• _Work task_: From the first line of the entries down to the line with "DUR COLLAR ZIP UP SWEAT SHIRT [BLACK]", write out every line exactly; that last line counts, but pictures do not.

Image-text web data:

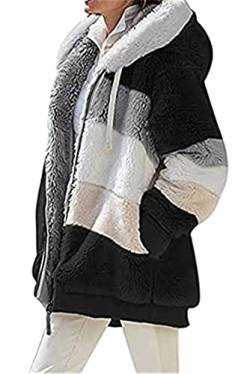 NAY Nalakey Teddy Fleecejacke mit Kapuze Kapuzenjacke Fellmantel Fleece Jacke Mit Reißverschluss Einfarbig Lässige Jacken Mantel Oberteile Taschen von NAY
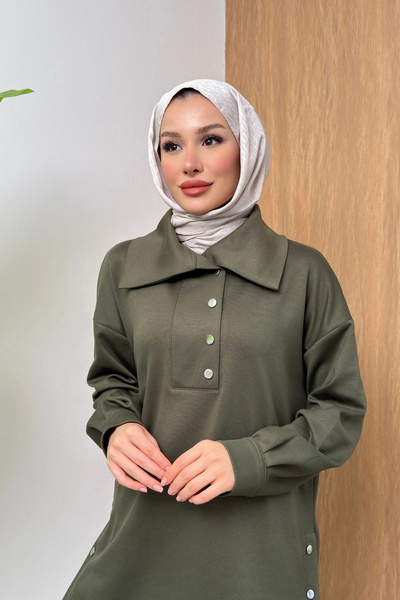 Mihran Butik Soho Elegance Collar Detailed Women's Hijab Top and Bottom Set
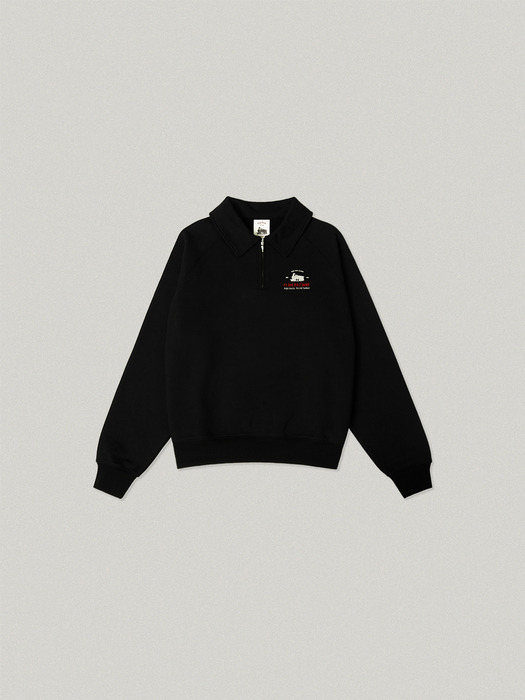 DUR COLLAR ZIP UP SWEAT SHIRT [BLACK]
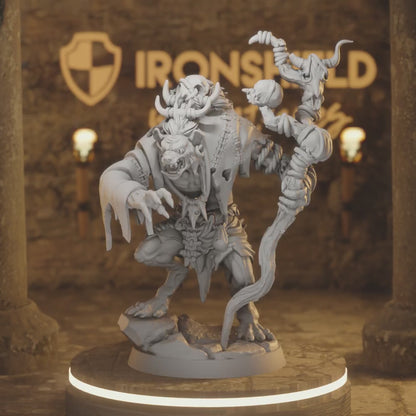 Gnoll Ruincaller Gnoll Druid DnD miniature 3D printed resin tabletop RPG figure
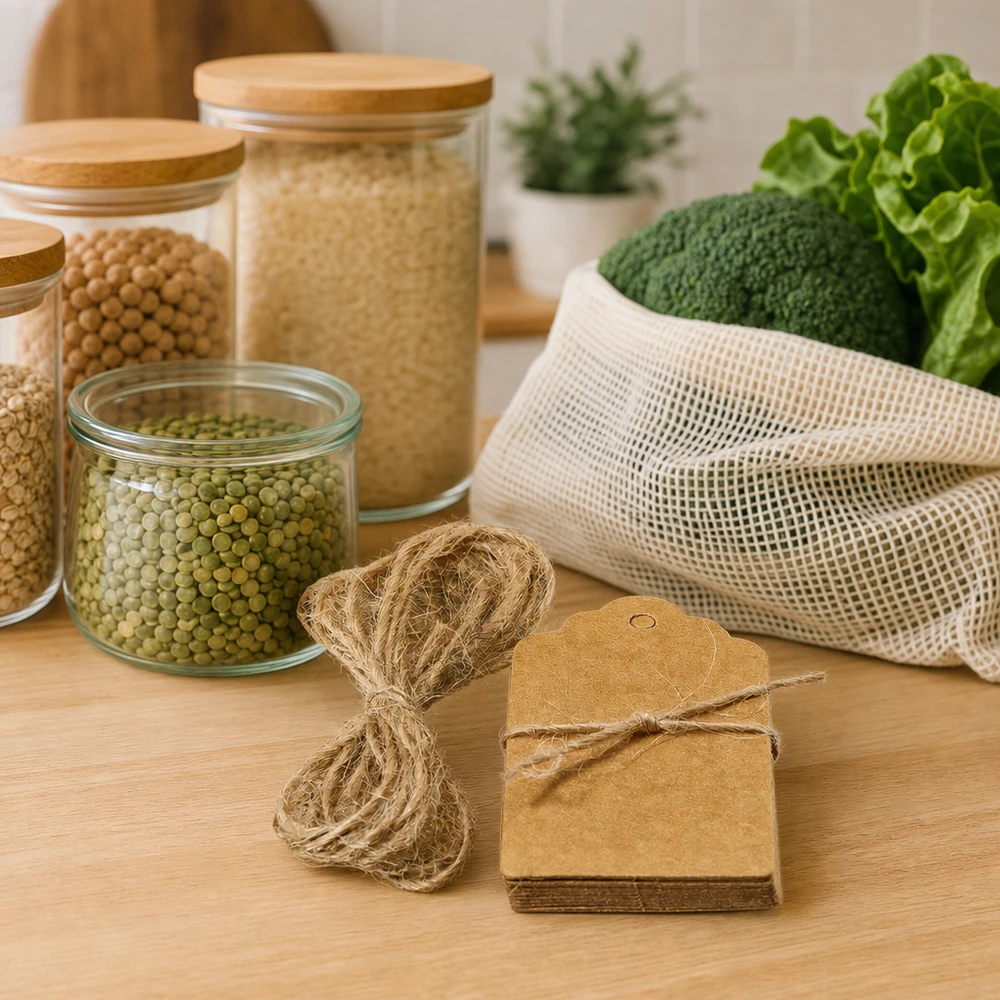 Etiquetas de papel kraft sostenible con cordón de fibra natural junto a productos de residuo cero y bolsas de malla para una cocina sin plásticos.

• _Response_:
 NAY Nalakey Teddy Fleecejacke mit Kapuze Kapuzenjacke Fellmantel Fleece Jacke Mit Reißverschluss Einfarbig Lässige Jacken Mantel Oberteile Taschen von NAY
 Mihran Butik Soho Elegance Collar Detailed Women's Hijab Top and Bottom Set
 DUR COLLAR ZIP UP SWEAT SHIRT [BLACK]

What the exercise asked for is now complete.